On the Foundations of Norm Psychology

Humans are remarkably cooperative. This large-scale cooperation—extending far beyond immediate kin—has allowed us to achieve a dominant position on Earth. But how is this cooperation sustained in the face of the apparent temptation to defect?

One crucial component is our reliance on norms that designate actions as required, permissible, or forbidden. Such norms are sometimes codified into law, but they need not be. In many cases, it’s in our rational self-interest to follow norms: violating them might expose us to punishment or make others less willing to cooperate with us in the future. But it seems we are often motivated to follow norms even when defection would be in our rational self-interest, e.g. helping a stranger or tipping at a restaurant you’ll never visit again.

How do we learn to follow norms and punish defectors? And how do we acquire intrinsic motivation to do so? Beginning with Sripada and Stich (2006), some researchers have proposed that we possess an innate, domain-specific norm psychology. This norm psychology picks up cues that norms guide some behaviors in our local cultural environment and infers what these norms are. It also provides us with the ability to detect norm violations, as well as intrinsic motivation to follow norms and punish violators. On this view, as norms or proto-norms began to arise in human communities, this new cultural environment provided intense genetic selection pressures favoring greater ability to learn and follow norms, in a case of gene-culture coevolution.
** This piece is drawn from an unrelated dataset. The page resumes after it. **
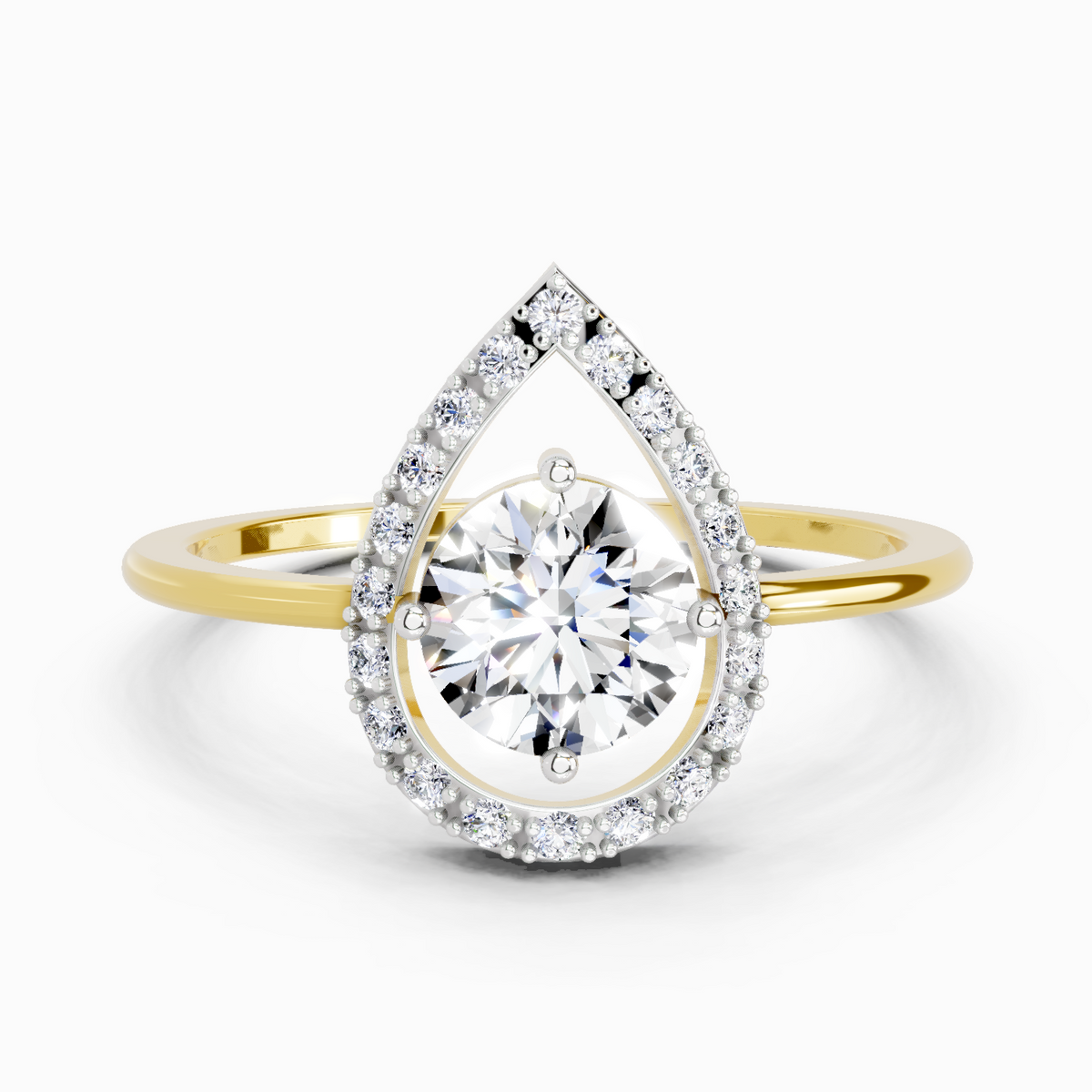 Dreamy Teardrop Halo Diamond Ring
Heyes (2024) agrees that our ability to process and follow norms was critical to the emergence of large-scale cooperation, but disagrees with the further claim that this ability is due to an innate, domain-specific norm psychology. Instead, she thinks that the necessary innate features—such as greater intelligence, increased social tolerance and motivation, and attentional biases that from early infancy make us especially notice what other people do—are all domain-general and that the necessary domain-specific features are all culturally learned (“cognitive gadgets”) rather than genetically inherited. In this way, her criticism parallels her earlier criticism of the California school” (or Boyd-Richerson-Henrich school) of cultural evolution (Heyes 2018), which holds that many of our cultural learning biases have been genetically selected for.
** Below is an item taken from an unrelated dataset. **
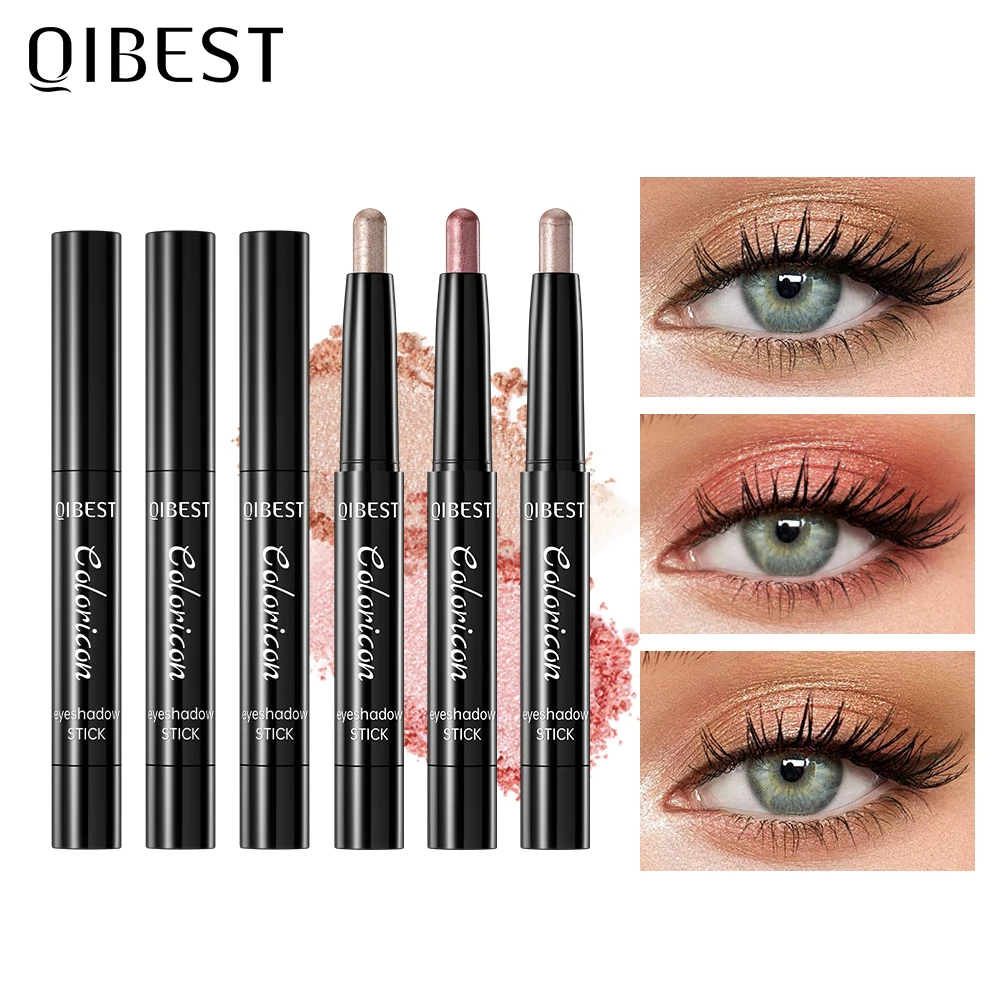 QIBEST Glitzer-Diamant-Lidschattenstift Langanhaltender Perlglanz-Highlighter Charmante Augenkosmetik Eyeliner Schatten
Her criticism includes the following points:

  1. People often confuse common or frequent behavior with required or permissible behavior. So either we lack a specialized circuit for dealing with norms, or this circuit frequently malfunctions. (Though it’s not obvious to me why this would favor the view that the specialized circuits are culturally learned rather than innate.)
  2. In many models, a domain-general process like reinforcement learning appears sufficient for learning norms.
  3. Subsequent studies have shown that our intrinsic motivation to follow norms is not as strong as previously thought. While people may be inclined to engage in costly punishment of defectors in laboratory settings, they are less likely to do so in the wild, where they are not under observation by experimenters. (Though again, it’s not obvious to me why this would favor a cognitive gadgets” account. Perhaps the idea is that a genetically inherited norm psychology would not be rigid enough to accommodate this flexibility?)

While I initially came to cultural evolution via the Henrich-Boyd-Richerson approach, I’ve found some of Heyes’ criticism compelling. But what is at stake in this debate? One interesting possibility is that if Heyes is right, it should be easier to generate cooperative, norm-following behavior in AI agents. After all, creating the appropriate innate, domain-specific modules from scratch might be difficult, as it seems to require major revisions to the overall architecture. By contrast, if norm psychology is culturally learned, it might suffice to expose agents to appropriate stimulus and feedback.